6. Call It Quits and Start Your Own Business
Having an above-average credit score allows you to get approved for a small business loan and start your own company. Similarly to buying a house, this is a huge investment in your family’s future. However, starting a business is not possible with a poor credit score.
7. Start Building Your Children’s Credit Score
The sooner you start acting responsibly with your credit, the sooner you’ll be able to start building a future for your children – get them to better schools, support them financially, and help them get on their feet once they are adults. Any other alternative is unacceptable.
How Credit Cards Reporting Credit Affect Your Credit Score
Just having or not having a credit card affects your credit score.
Roughly one-third of your credit score, as calculated by either scale, is based on your credit usage – a gauge of how much available credit you have in comparison to how much you actually use. Credit usage essentially boils down to the responsible use of credit cards.
Here’s an example:
If you own 2 credit cards, each being limited to $2,000, the total amount of your available credit is $4,000. If the total of the balance you are carrying on your credit cards amounts to $1,200 or less, your credit score, along with your credit usage, should be satisfactory.
How Credit Card Balance Is Accrued
Credit card balance is the total amount of money you owe to your credit card issuer – the money you borrowed and spent plus additional expenses and fees. Balance is accrued every time you pay only the minimum amount of debt as shown on your billing statement.
That is what carrying a balance means – moving debt to the next billing cycle.
What Else Counts as “Responsible Credit Card Behavior”?
For any type of credit card, credit reporting cards included, “responsible behavior” boils down to one simple rule – paying your credit card billing statement in full and on time. Everything else is supposed to help you reach that monthly goal through responsible everyday use:
- Understand your credit card terms – especially your interest rate and additional fees.
- Limit how many cards you own – the more billing statements, the bigger the confusion.
- Never lend your credit card to someone else – you’ll risk losing control of their spending.
- Avoid getting cash advances – cash advance fees come with ATM fees and high interest.
- Avoid unnecessary balance transfers – unless you have favorable balance transfer terms.
- Finally, charge only what you can afford – never borrow more than you can payback.
How Having a Credit Reporting Card Impacts Your Credit Score?
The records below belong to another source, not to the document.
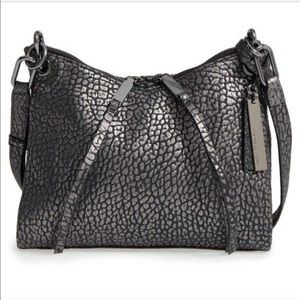 VINCE CAMUTO Avin Leather Crossboy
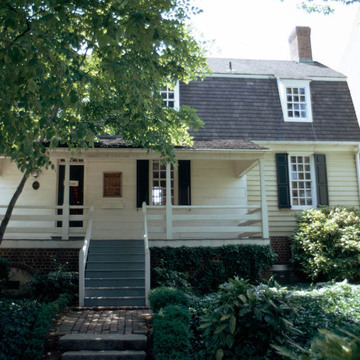 Alexandria Convention and Visitors Bureau (Ramsay House)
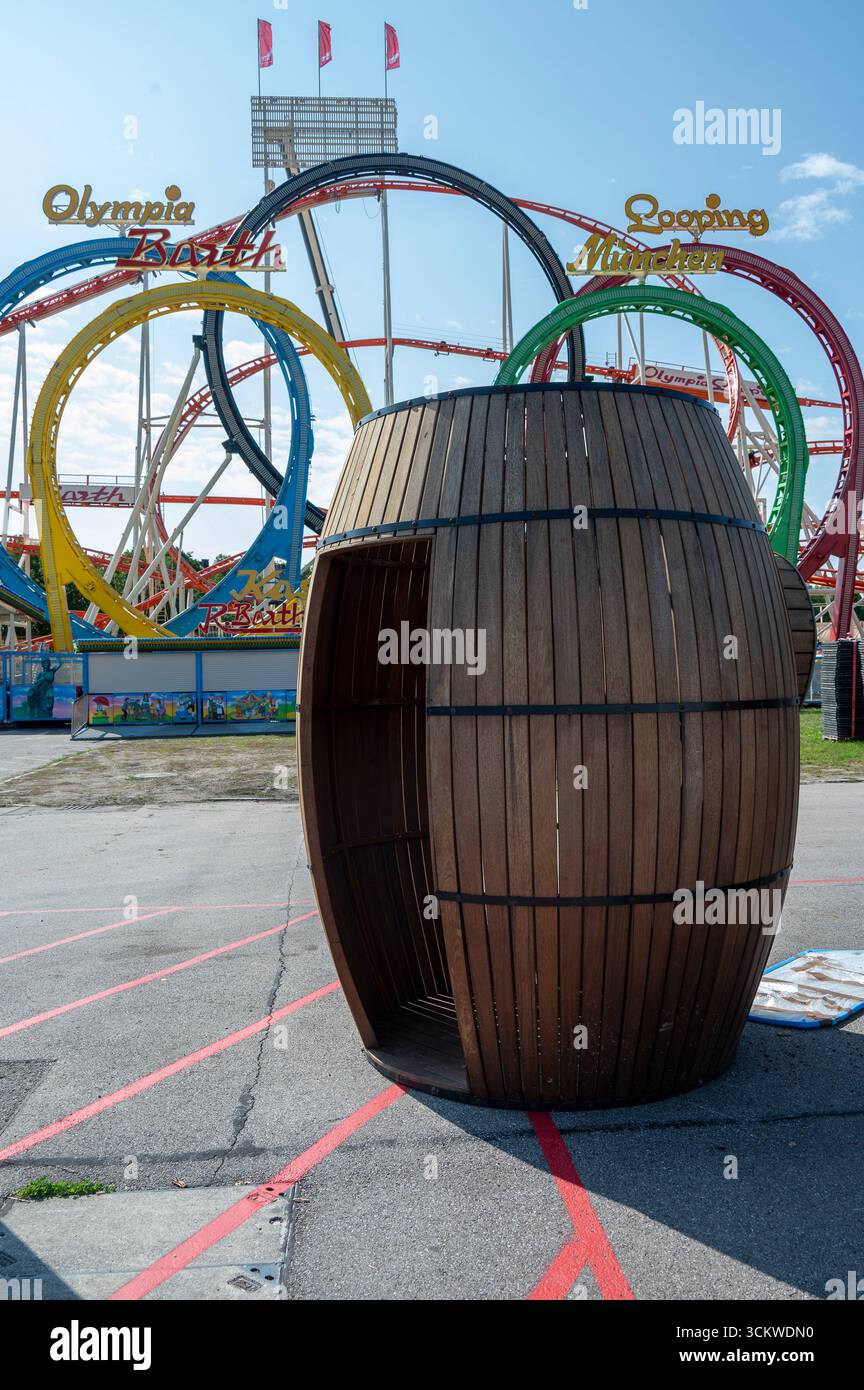 Muenchen, Aufbau zum 190. Muenchner Oktoberfest Endspurt, *** Monaco di Baviera, allestito per lo spurt finale dell'Oktoberfest di Monaco del 190, Foto Stock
Your credit score gets calculated with a slight delay. Because it generally takes time for credit bureaus to obtain consumer and cardholder data, you can hardly expect your credit score to be calculated in real-time. This becomes a problem if you need to boost your score fast.
Credit reporting cards differ from other similar payment methods in that they report your credit card behavior directly to the credit bureaus. This is why they are so convenient for people with poor credit score and no credit history in the first place – they help push things forward, faster.
Are There Any Alternatives to Credit Cards Reporting Credit?
Yes and no.
While there are several other ways for you to build and improve your credit score, only this one includes having your own credit card that won’t burn your pocket or put an additional strain on your credit score. Also, only credit reporting cards report to bureaus regularly.
If you want to boost your credit by using a credit card, this feature is crucial.
Other alternatives to credit reporting cards include:
- Paying down high credit card balances within 30 days.
- Establishing the practice of tracking your credit score.
- Start paying your bills in full and on time for at least one year.
- Having rent and utilities report your payment history.
- Getting a student credit card, if applicable to your situation.
- Becoming an authorized user of someone else’s credit card.
- Taking a “credit builder loan”, presuming you can pay it back.
- Getting a loan with a cosigner, presuming you can pay it off.